Affinity chromatography

The affinity chromatography is a chromatographic separation process to isolate an analyte from a solution of various substances. The prerequisite is that a suitable ligand (binding partner) for the analyte of interest (protein) is available. It is one of the most powerful separation methods . However, the columns used are relatively expensive, so that the process is only used in special cases or on a small scale (laboratory scale).

principle

Column chromatography

Batch chromatography

The separation usually takes place in columns, but can also be carried out in a batch process. The cleaning effect of this method is based either on the specific recognition of a protein by an antibody or, in the case of enzymes, on the use of the specific affinity of an enzyme for an inhibitor , substrate or cofactor .
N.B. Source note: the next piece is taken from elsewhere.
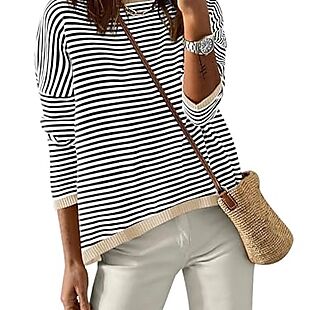 Relaxed-Fit Sweater $20 in 10 Colors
The stationary phase , often a gel , e.g. B. from dextrans or cross-linked agarose (trade name Sepharose ), is coupled with a suitable ligand (z. B. antibody ) that specifically binds the analyte to be purified. In practice, care must be taken that the affinity for the analyte is not too high, as this makes elution more difficult. Conversely, a stationary phase with a protein (usually protein A , G or L) that binds certain immunoglobulin classes can also be used for the preparative purification of antibodies (immunoglobulins) .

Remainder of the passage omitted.